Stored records
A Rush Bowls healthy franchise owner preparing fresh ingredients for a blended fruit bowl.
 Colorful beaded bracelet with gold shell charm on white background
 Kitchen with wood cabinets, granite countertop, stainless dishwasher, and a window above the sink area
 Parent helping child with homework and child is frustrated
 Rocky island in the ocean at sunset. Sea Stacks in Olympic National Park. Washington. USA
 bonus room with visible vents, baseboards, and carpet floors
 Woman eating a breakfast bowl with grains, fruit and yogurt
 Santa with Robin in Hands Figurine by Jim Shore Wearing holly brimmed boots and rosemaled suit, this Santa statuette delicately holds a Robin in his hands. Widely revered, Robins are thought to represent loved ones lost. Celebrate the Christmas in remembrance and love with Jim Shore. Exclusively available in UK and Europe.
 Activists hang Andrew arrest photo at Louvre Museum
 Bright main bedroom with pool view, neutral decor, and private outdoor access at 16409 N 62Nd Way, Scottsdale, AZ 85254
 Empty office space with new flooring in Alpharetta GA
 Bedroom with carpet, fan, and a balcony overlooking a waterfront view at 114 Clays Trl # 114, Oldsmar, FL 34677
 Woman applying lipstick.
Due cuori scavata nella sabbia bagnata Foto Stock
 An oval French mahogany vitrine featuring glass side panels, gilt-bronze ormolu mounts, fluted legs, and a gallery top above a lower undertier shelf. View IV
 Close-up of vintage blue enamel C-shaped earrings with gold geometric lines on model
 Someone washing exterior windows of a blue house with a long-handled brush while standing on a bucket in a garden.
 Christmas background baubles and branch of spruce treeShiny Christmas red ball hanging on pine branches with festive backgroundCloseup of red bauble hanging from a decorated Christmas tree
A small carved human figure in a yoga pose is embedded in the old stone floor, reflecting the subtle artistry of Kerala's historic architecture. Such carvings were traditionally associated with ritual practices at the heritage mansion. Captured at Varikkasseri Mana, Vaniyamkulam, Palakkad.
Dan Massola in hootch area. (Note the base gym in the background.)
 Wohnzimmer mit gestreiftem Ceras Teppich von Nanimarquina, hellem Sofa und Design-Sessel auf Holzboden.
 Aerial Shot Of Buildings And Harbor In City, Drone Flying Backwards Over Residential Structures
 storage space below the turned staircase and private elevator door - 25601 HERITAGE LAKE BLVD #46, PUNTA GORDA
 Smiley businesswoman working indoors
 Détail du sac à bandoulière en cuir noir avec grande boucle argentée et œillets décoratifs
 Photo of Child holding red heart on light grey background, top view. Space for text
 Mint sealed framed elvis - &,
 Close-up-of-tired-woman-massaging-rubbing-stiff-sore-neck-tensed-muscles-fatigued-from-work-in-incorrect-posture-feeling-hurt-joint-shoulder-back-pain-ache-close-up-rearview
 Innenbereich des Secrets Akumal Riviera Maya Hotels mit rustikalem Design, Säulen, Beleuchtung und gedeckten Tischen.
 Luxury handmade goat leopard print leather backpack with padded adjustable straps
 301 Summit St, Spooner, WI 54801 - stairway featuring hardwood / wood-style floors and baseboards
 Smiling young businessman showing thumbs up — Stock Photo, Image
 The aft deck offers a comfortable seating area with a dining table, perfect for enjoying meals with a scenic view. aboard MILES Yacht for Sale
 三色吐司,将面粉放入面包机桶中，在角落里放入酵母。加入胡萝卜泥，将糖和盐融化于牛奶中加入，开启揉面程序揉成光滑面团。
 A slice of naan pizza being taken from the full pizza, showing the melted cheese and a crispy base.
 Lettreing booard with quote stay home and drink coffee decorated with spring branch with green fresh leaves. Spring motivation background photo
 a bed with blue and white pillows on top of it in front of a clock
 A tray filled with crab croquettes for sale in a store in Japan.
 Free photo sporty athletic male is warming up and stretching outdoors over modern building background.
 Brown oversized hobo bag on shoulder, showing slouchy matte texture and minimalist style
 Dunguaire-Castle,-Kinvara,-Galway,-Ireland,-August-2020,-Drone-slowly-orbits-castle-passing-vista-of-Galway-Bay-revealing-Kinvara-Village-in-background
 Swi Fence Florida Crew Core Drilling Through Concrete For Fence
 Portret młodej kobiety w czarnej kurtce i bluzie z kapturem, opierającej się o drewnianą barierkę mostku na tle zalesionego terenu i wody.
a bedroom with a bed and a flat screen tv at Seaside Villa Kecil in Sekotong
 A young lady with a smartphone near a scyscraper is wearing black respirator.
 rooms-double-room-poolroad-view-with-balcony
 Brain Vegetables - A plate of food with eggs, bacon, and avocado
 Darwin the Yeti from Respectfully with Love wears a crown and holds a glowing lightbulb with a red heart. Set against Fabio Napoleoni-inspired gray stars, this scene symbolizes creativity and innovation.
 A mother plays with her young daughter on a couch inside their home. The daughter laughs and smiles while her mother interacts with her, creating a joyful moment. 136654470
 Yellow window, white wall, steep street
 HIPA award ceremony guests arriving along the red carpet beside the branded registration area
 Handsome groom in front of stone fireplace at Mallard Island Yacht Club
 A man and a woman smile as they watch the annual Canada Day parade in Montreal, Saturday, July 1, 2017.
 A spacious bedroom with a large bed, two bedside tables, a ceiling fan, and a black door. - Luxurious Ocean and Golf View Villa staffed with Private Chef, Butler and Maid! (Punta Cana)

| Exercise aim |
Search the entries above for the word "decorated" and copy each line where it appears.

| Answer space |
 Christmas background baubles and branch of spruce treeShiny Christmas red ball hanging on pine branches with festive backgroundCloseup of red bauble hanging from a decorated Christmas tree
 Lettreing booard with quote stay home and drink coffee decorated with spring branch with green fresh leaves. Spring motivation background photo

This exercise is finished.